Documentary filmmakers are always looking for a subject that’s colorful and obscure enough to justify the years it sometimes takes to make a non-fiction film about it or them.
The guys who made “Swamp Dogg Gets his Pool Painted” had a gold mine fall right in their laps. Their subject phoned one of them up to tweak the autotune in an LP the old man had recorded and produced and mischievously titled “Love, Loss and Autotune.”
None of the filmmakers had ever heard of Swamp Dogg, nor have a whole lot of other people. But that “Autotune” wasn’t the man’s first LP. He’s been recording since the 1950s. “Swamp Dogg” is not his original name, as he scored his first successes as Little Jerry Williams. And the funk, R&B and soul he was doing at the time wasn’t his first genre, only his most recent.
Hell, he topped the charts by writing one of the undisputed classics of country music of the ’70s, “She’s All I Got,” a hit for Johnny Paycheck, Tanya Tucker and others.
The man’s rambling ’60s bungalow in the San Fernando Valley has a music and music video studio, a music archive and the home to not just one musical cult figure, Swamp Dogg, but to his pal and contemporary, Guitar Shorty and to musical polymath Moogstar, a freaky funkster with Cameo and The Zapp Band among his credits.
And the homeowner of this creative trio, Swamp Dogg, as Jerry Williams has called himself since about 1970, had a very specific idea of about how he’d like to have his pool painted.
“Swamp Dogg Gets his Pool Painted” evolved into one of the most entertaining music docs of recent history, a goofy, semi-stoner take on one of popular music’s genuine characters. Swamp Dogg tells his story — his memory’s a little fuzzy on exact dates — reminds his interviewers that at his peak he had a mansion on Long Island and “nine mother-f—-ing cars,” Caddy convertibles and a Rolls Royce among them.
He wrote minor hits for himself, and co-authored Gene Pitney’s smash “She’s a Heartbreaker.” Williams became Swamp Dogg just as Parliament went Funkadelic, and he became an underground record success who never lasted more than one LP on any “major” label. As an A&R man with Atlantic Records, he championed Patti Labelle among others.
He later launched his own record label and helped give hip hop a leg up (Alonzo Williams and Dr. Dre owe Dogg, as does Snoop).
Filmmakers Isaac Gale, Ryan Olson and David McMurry listen to Dogg’s humbragging, and fact-check him (it’s pretty much all true) as we see him in the studio with alt-pop star Jenny Lewis and record a duet that with singer-songwriter John Prine of a Prine song both men turned into hits — “Sam Stone.”

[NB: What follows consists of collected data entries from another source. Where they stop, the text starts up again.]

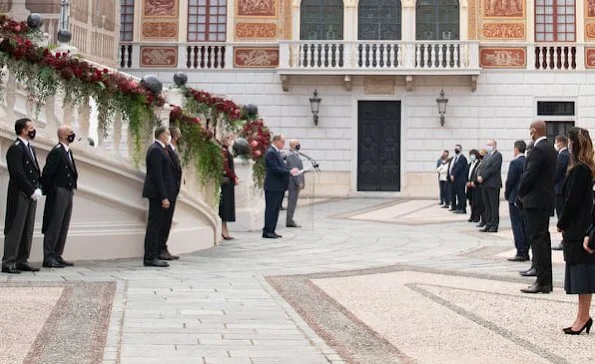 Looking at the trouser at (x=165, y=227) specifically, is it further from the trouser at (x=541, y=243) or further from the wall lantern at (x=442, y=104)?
the wall lantern at (x=442, y=104)

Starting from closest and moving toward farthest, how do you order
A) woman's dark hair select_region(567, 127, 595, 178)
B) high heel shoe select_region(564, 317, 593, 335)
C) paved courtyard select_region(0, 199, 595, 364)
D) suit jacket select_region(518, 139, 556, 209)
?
paved courtyard select_region(0, 199, 595, 364), high heel shoe select_region(564, 317, 593, 335), woman's dark hair select_region(567, 127, 595, 178), suit jacket select_region(518, 139, 556, 209)

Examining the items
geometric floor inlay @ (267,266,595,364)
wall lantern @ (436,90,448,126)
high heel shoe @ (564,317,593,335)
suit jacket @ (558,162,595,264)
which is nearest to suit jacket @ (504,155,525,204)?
geometric floor inlay @ (267,266,595,364)

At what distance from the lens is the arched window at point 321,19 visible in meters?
29.2

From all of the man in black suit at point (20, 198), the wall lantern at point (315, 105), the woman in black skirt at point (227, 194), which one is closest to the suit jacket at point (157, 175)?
the man in black suit at point (20, 198)

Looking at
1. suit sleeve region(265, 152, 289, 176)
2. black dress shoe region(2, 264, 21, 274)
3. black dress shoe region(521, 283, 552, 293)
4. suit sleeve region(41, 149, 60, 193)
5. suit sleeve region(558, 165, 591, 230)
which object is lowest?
black dress shoe region(521, 283, 552, 293)

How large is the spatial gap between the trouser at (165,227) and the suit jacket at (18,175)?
198cm

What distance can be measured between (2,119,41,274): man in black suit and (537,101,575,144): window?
865 inches

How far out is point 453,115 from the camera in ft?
94.6

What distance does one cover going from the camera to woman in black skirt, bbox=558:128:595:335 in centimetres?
688

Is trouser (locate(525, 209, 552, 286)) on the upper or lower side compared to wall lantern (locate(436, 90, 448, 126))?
lower

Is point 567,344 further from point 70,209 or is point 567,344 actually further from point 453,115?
point 453,115

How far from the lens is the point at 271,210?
1500 centimetres

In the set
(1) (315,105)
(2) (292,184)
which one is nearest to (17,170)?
Result: (2) (292,184)

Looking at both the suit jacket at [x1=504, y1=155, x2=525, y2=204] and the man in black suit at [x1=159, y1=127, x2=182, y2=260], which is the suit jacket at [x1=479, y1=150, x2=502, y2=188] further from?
the man in black suit at [x1=159, y1=127, x2=182, y2=260] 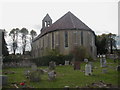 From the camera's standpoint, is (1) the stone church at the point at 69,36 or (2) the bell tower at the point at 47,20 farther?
(2) the bell tower at the point at 47,20

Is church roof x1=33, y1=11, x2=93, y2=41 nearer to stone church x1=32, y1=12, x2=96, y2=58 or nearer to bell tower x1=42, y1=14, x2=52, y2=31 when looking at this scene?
stone church x1=32, y1=12, x2=96, y2=58

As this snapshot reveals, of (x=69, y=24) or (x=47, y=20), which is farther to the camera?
(x=47, y=20)

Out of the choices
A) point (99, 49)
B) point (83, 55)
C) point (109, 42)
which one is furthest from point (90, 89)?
point (109, 42)

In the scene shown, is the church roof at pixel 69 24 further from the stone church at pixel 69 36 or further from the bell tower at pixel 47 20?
the bell tower at pixel 47 20

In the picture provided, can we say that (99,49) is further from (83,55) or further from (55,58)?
(55,58)

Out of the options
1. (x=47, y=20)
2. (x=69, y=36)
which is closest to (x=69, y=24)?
(x=69, y=36)

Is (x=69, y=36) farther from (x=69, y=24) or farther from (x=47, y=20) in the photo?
(x=47, y=20)

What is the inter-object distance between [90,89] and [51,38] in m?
33.7

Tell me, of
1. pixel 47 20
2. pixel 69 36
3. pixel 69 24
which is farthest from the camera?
pixel 47 20

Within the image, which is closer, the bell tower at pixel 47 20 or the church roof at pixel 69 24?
the church roof at pixel 69 24

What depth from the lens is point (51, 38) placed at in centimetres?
4350

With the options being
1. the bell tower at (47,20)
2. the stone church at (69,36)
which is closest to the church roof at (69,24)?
the stone church at (69,36)

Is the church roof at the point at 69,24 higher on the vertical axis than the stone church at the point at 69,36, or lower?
higher

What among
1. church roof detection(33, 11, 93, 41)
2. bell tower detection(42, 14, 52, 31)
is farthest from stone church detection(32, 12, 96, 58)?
bell tower detection(42, 14, 52, 31)
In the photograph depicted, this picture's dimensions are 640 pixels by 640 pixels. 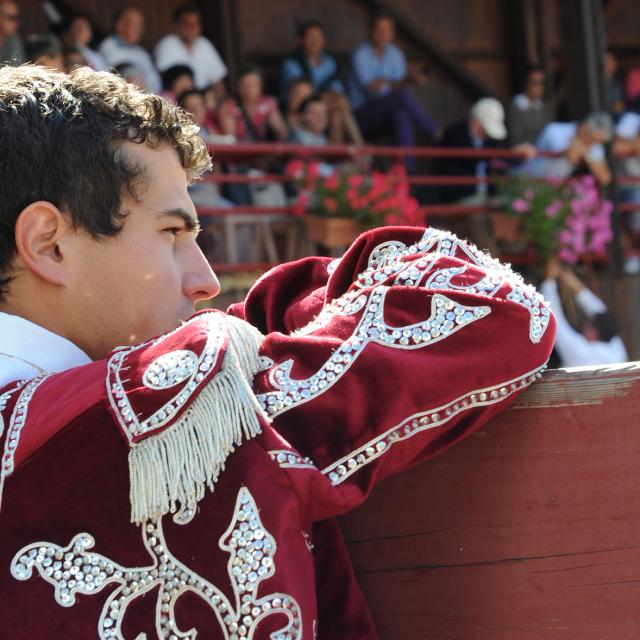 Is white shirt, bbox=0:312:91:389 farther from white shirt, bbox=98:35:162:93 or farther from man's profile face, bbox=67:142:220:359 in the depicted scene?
white shirt, bbox=98:35:162:93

And the documentarians, assorted neighbors, friends and passers by (Mike Judge, Johnny Knoxville) drop in to see how the pool painting’s going.
Apparently, the filmmakers hooked Swamp Dogg up with painter Jesse Willenbring. You’ll have to stay to the end to see what the two of them conceived.
“Swamp Dogg” bowls us over with the sort of disarming charm you hope’d any living legend could manage — especially one who never quite got his due, even if he got some big paychecks, raised his daughters (one, seen here, became a neurosurgeon) and bought “nine” m-f’ing cars.
Our filmmakers cheat us a bit, as the story of how they connected with this character is left out of the movie, as is their suggestion of his pool painter. But they like we marvel at Swamp Dogg’s unfiltered wit, charm and generosity. His two musician pals live with him — one died during the making of the film — free of charge.
One of the delights of this disarming, feel-good doc is all the ways Swamp Dogg and friends and family wear those Life in SoCal badges of honor — appearances on scads of cable access TV shows, talk shows, stand-up specials, game shows, live music performances on video and wacky vintage (some RECENT vintage) music videos Swamp Dogg and Moog cook up themselves, all sampled here.
Did I mention Dogg did a cooking show at one point? He called it “If You Can Kill It, I Can Cook It.”
The chuckles and laughs almost never let up in this unassuming movie about one of the most laid back artists in any medium one could ever hope to meet. Not to oversell it, but the phrase “life affirming” came to mind more than once.
And if Matthew McConaughey can put his catch-phrase “J.K. (just keep) Livin'” on a t-shirt, somebody should pitch that to Swamp Dogg, whose words of wisdom to his young interviewers and visitors have a profundity worth living by.
“Just be cool.”
Rating: smoking, put use, profanity
Cast: Jerry Williams, aka “Swamp Dogg,” Guitar Shorty (David William Kearney), Larry “Moogstar” Clemon, Johnny Knoxville, Jenny Lewis, Alonzo Williams, Mike Judge, Dr. Jeri Williams and John Prine
Credits: Directed by Isaac Gale, Ryan Olson and David McMurry, scripted by Andrew Broder, Isaac Gale and Paul Lovelace. A Magnolia release.